10. PERMISSIBLE INTERESTS. Trustees, agents, and shareholders of the Trust are
or may be interested in the Adviser (or any successor thereof) as
directors, partners, officers, or shareholders, or otherwise; directors,
partners, officers, agents, and shareholders of the Adviser are or may be
interested in the Trust as Trustees, shareholders or otherwise; and the
Adviser (or any successor) is or may be interested in the Trust as a
shareholder or otherwise.
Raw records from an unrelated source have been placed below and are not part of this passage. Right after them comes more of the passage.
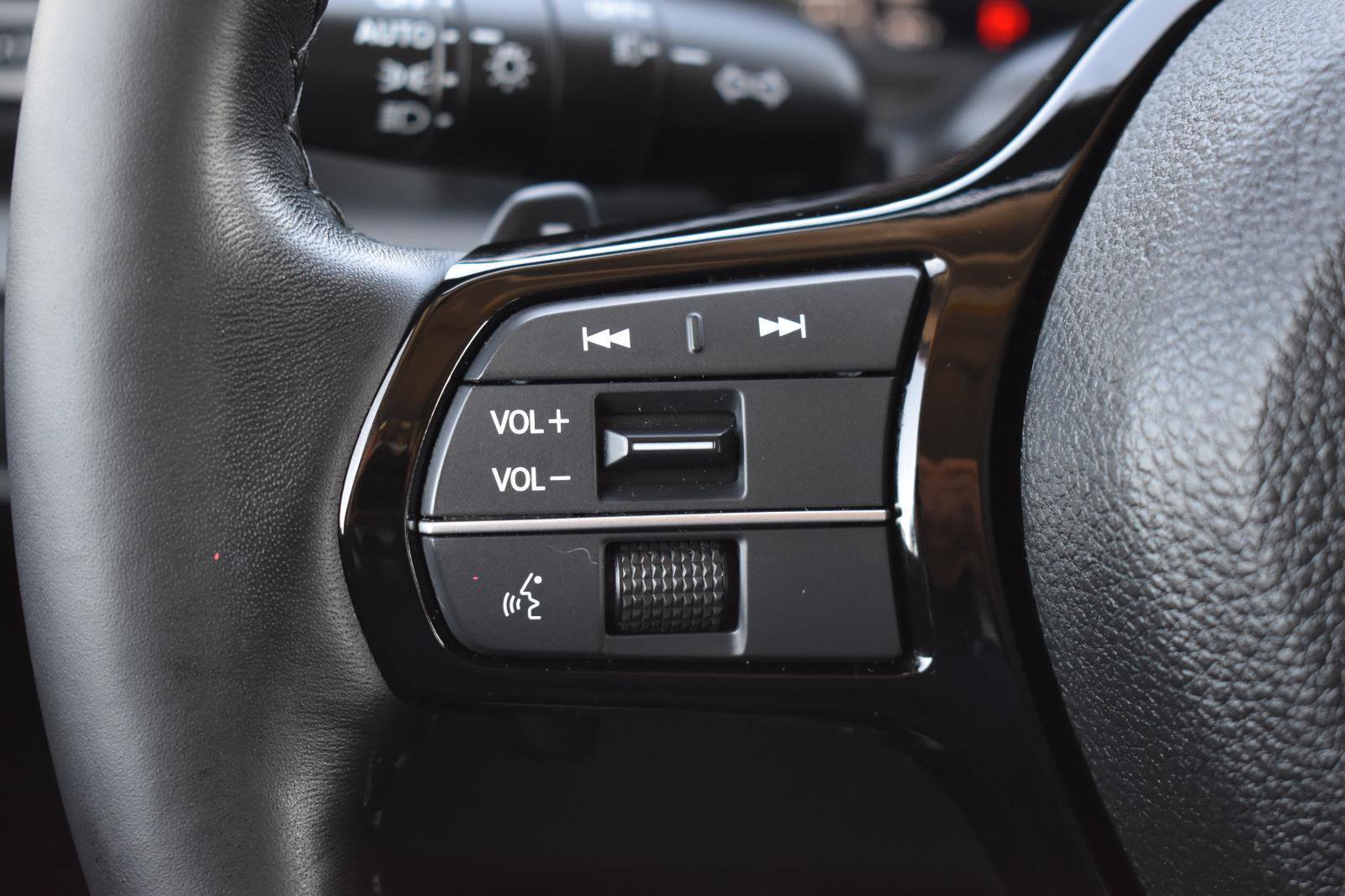 Used 2023 Honda Pilot Elite image 6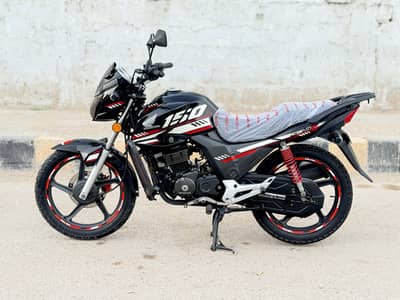 Cb 150F like new bike model 24 and 0/3/3/1/2/7/0/0/1/3/8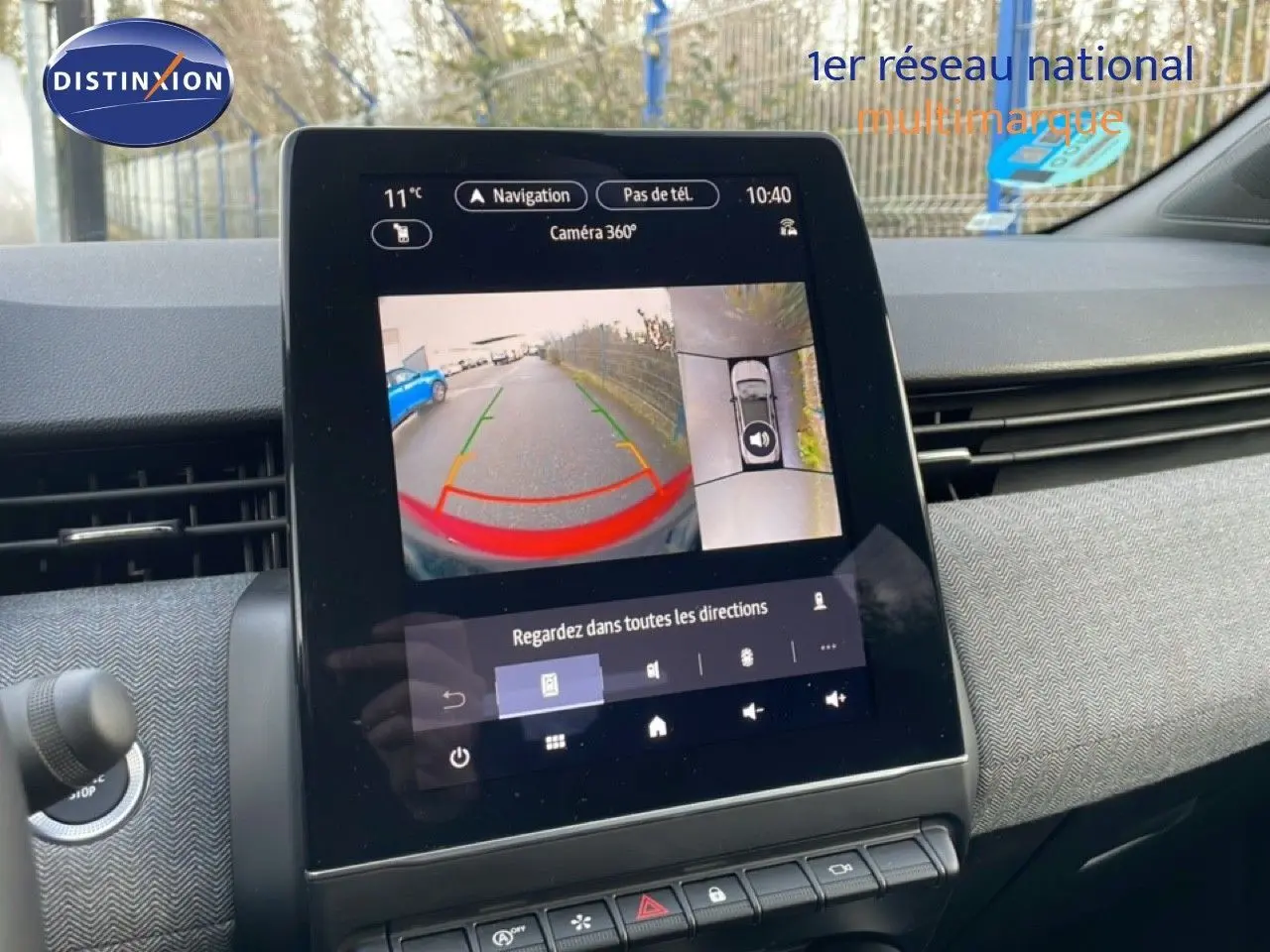 Vue intérieure centrée sur l’écran tactile affichant la caméra 360° dans une Renault Clio rouge Désir Métal 2025.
In addition, brokerage transactions for the
Trust may be effected through affiliates of the Adviser if approved by the
Board of Trustees, subject to the rules and regulations of the Securities
and Exchange Commission.
11. DURATION AND TERMINATION. This Agreement, unless sooner terminated as
provided herein, shall remain in effect until two years from date of
execution], and thereafter, for periods of one year so long as such
continuance thereafter is specifically approved at least annually (a) by
the vote of a majority of those Trustees of the Trust who are not parties
to this Agreement or interested persons of any such party, cast in person
at a meeting called for the purpose of voting on such approval, and (b) by
the majority of the Trustees of the Trust or by vote of a majority of the
outstanding voting securities of each Portfolio; provided, however, that if
the shareholders of any Portfolio fail to approve the Agreement as provided
herein, the Adviser may continue to serve hereunder in the manner and to
the extent permitted by the 1940 Act and rules and regulations thereunder.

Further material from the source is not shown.